- _Task description_
Before copying, find the line below that contains "Villa, Sigara İçilebilir"; then return it and all later lines exactly, up to and including the final line, with no pictures.

- _Information given_
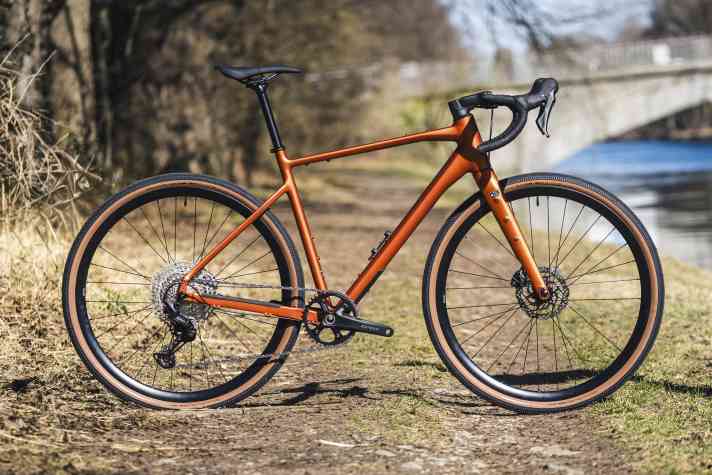Carver Gravel 220 1by: 1600 euros // Weight of complete bike: 11.3 kilos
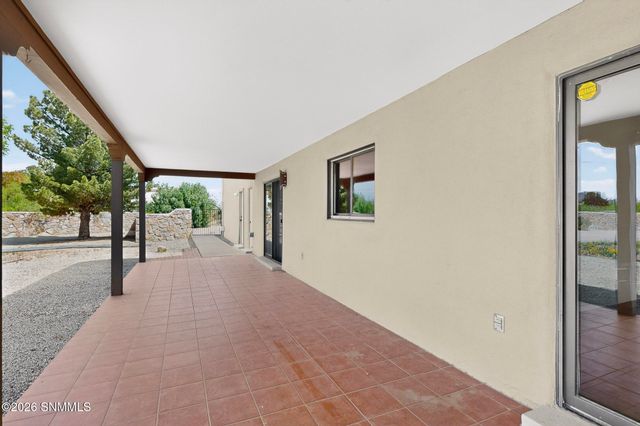 5875 N Jornada Road, Las Cruces, NM 88012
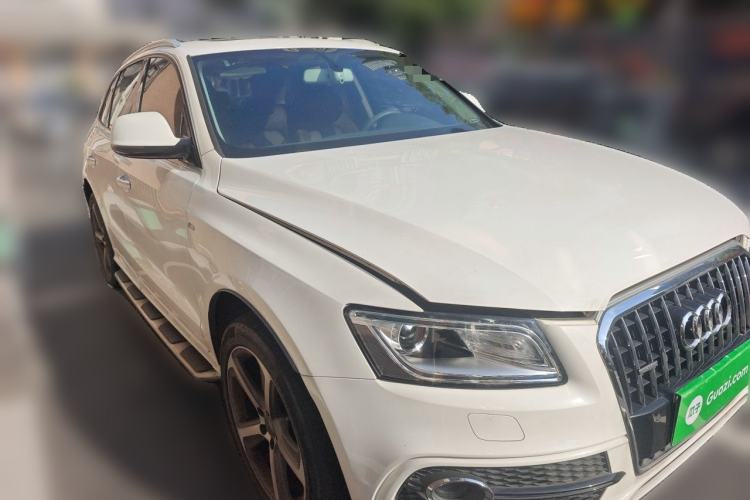 Used Audi Q5 2017 Plus 40 TFSI Ambition Model Front Right 45 Deg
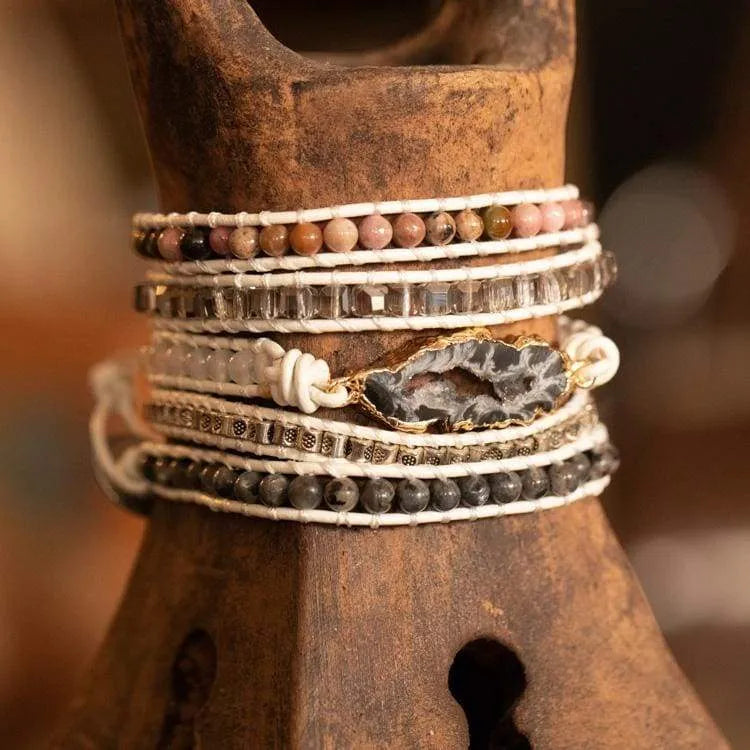 Pulsera mágica con labradorita blanca y drusa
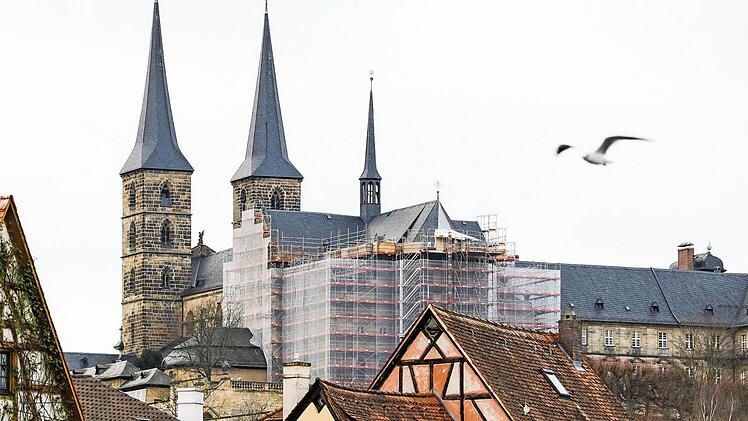 Weithin sichtbar wie die Kirche St. Michael ist auch das Gerüst, das heuer umfangreicher werden dürfte. Foto: Matthias Hoch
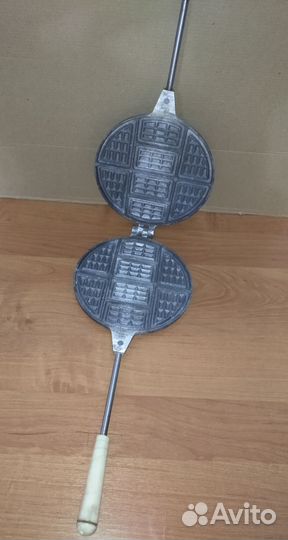 Вафельница из литого алюминия / форма для выпечки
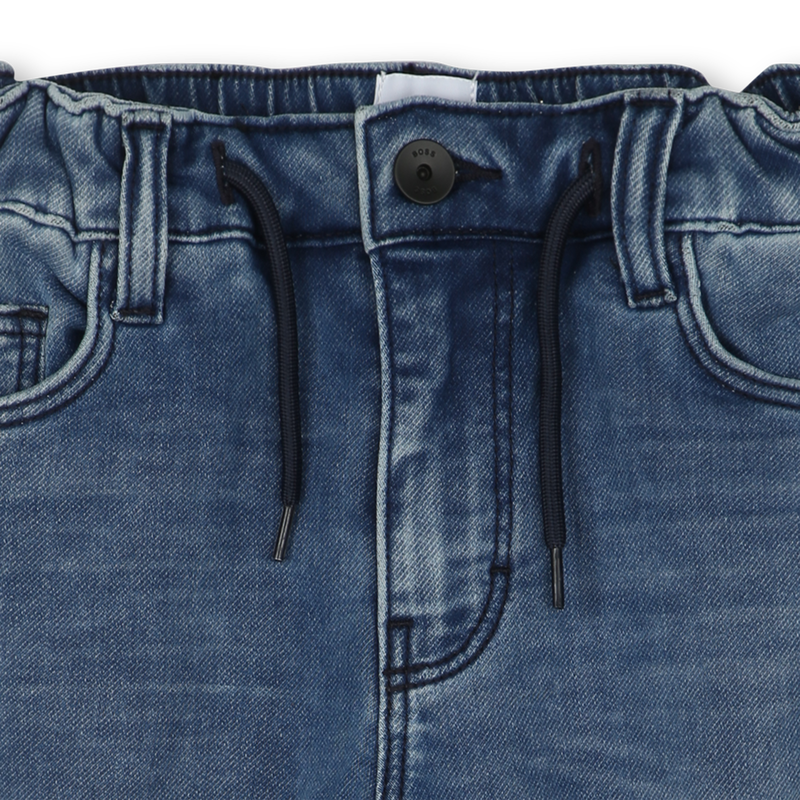 Short en jean d&eacute;tails d&eacute;lav&eacute;s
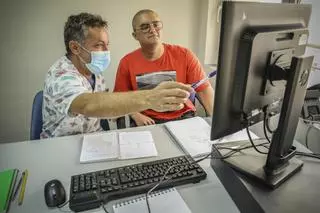Los adolescentes de Oncología y Cirugía de Alicante ya tienen aula propia de Secundaria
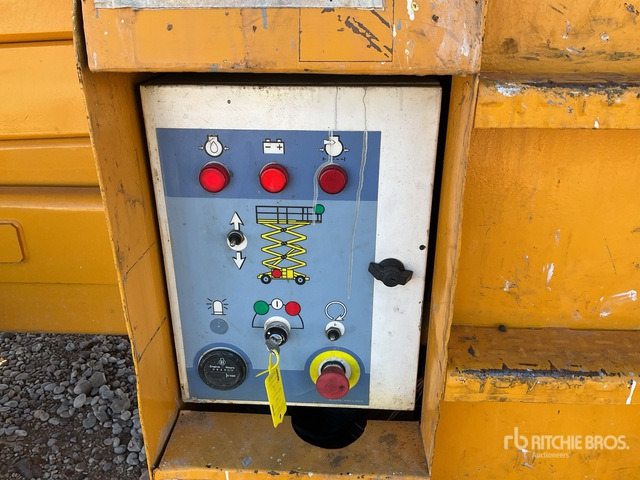 2011 Haulotte H12SX Scissor Lift - Scherenbühne: das Bild 5 2011 Haulotte H12SX Scissor Lift - Scherenbühne: das Bild 5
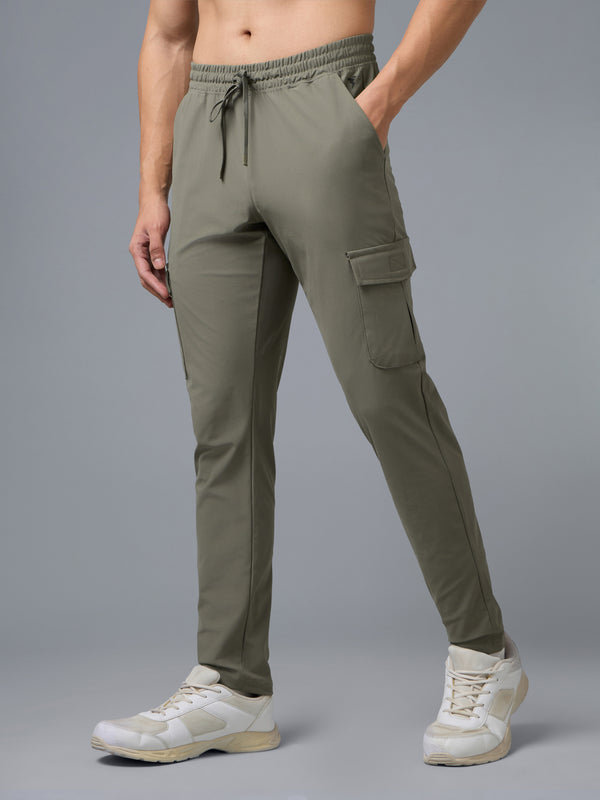 Men Solid Relax Fit Cargo Trackpants with DURACOOL+
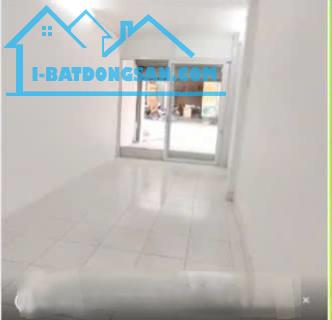 Cho thuê MBKD Mặt Phố Đại Từ 35m2 + gác xép KD sạch 9.5 Triệu - 2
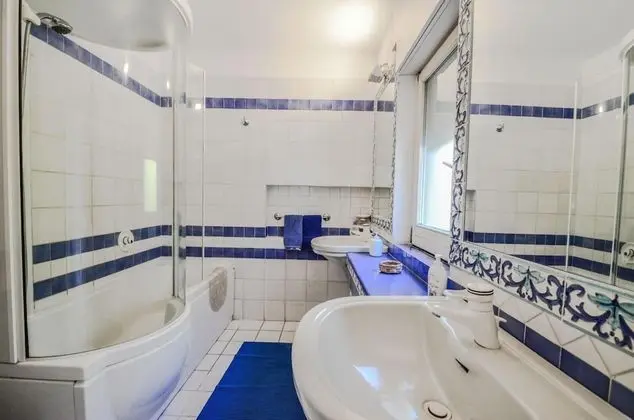 Villa, Sigara İçilebilir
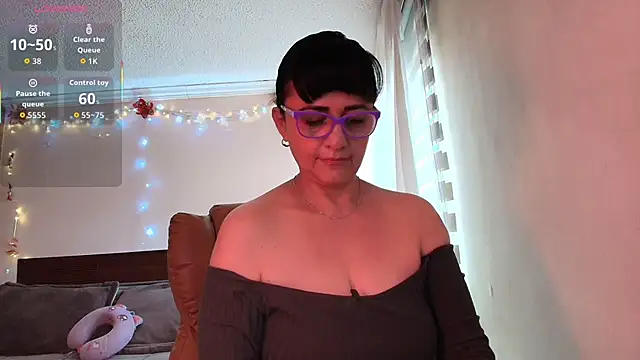 Snapshot of ISABEEL_SOFIA01 chatting on 5, 3, 2026 ISABEEL SOFIA01 online show from 5, 3, 2026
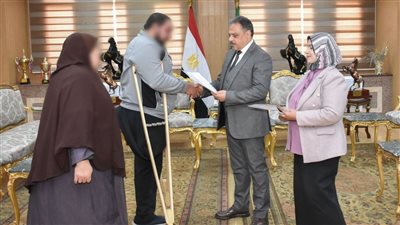 محافظ الشرقية يُسلم عقود وحدات سكنية للأسر الأولى بالرعاية 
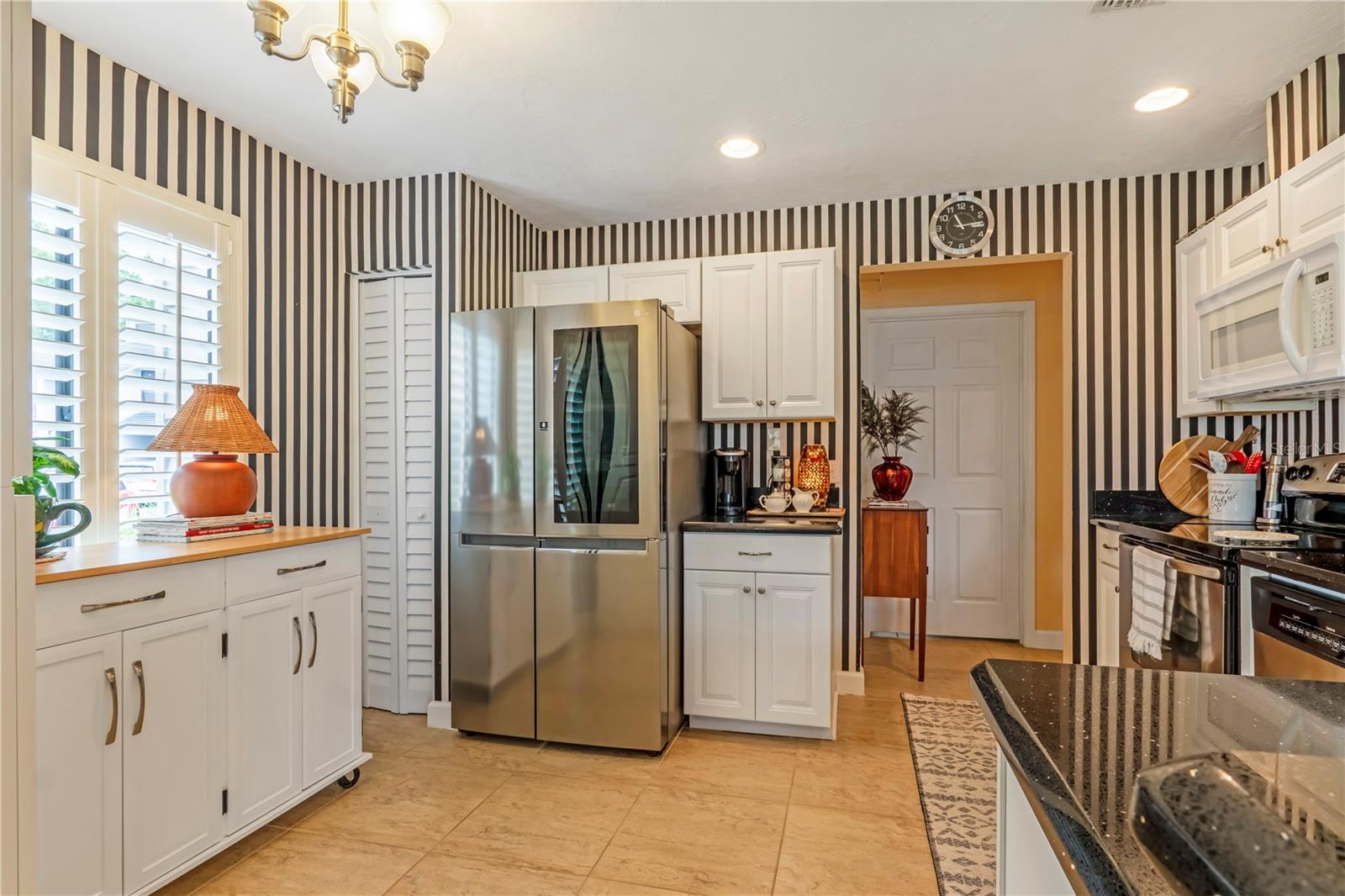 150 Blue Heron Dr #b Property Photo 15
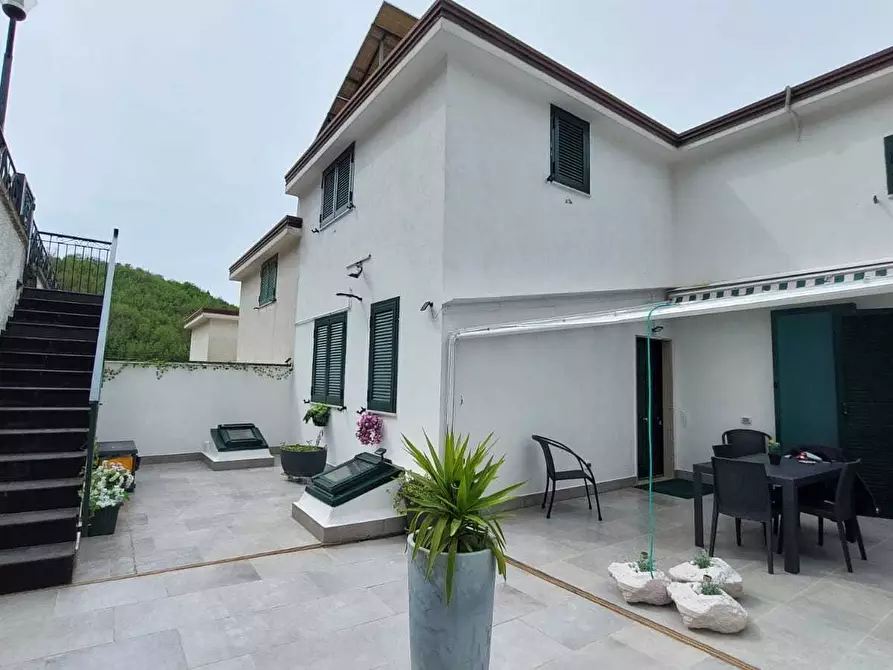 Immagine 1 di Villetta a schiera in vendita  in Via Parrocchia 33 a Baronissi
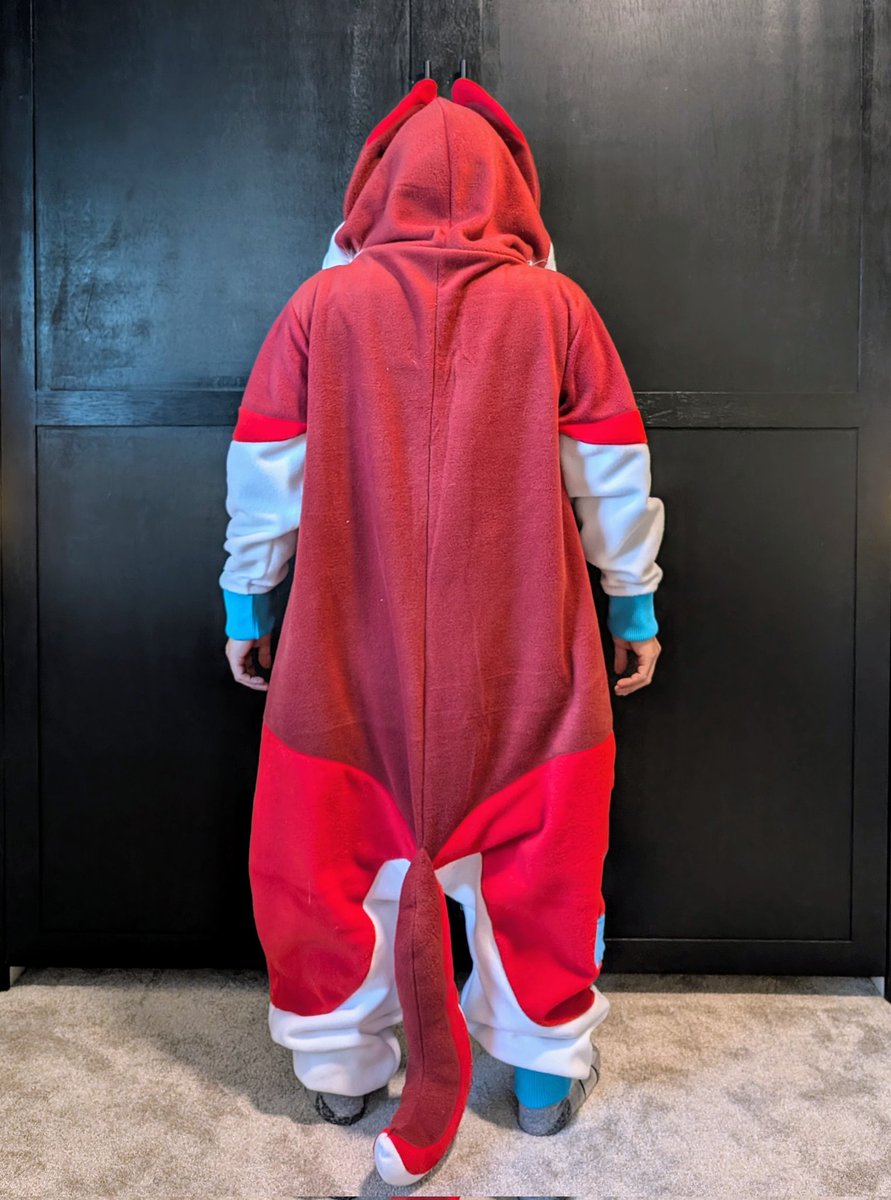 DizzignerClub's tweet image. Finished kigu for @Koifishkid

- _Task response_
 Villa, Sigara İçilebilir
 Snapshot of ISABEEL_SOFIA01 chatting on 5, 3, 2026 ISABEEL SOFIA01 online show from 5, 3, 2026
 محافظ الشرقية يُسلم عقود وحدات سكنية للأسر الأولى بالرعاية 
 150 Blue Heron Dr #b Property Photo 15
 Immagine 1 di Villetta a schiera in vendita  in Via Parrocchia 33 a Baronissi
 DizzignerClub's tweet image. Finished kigu for @Koifishkid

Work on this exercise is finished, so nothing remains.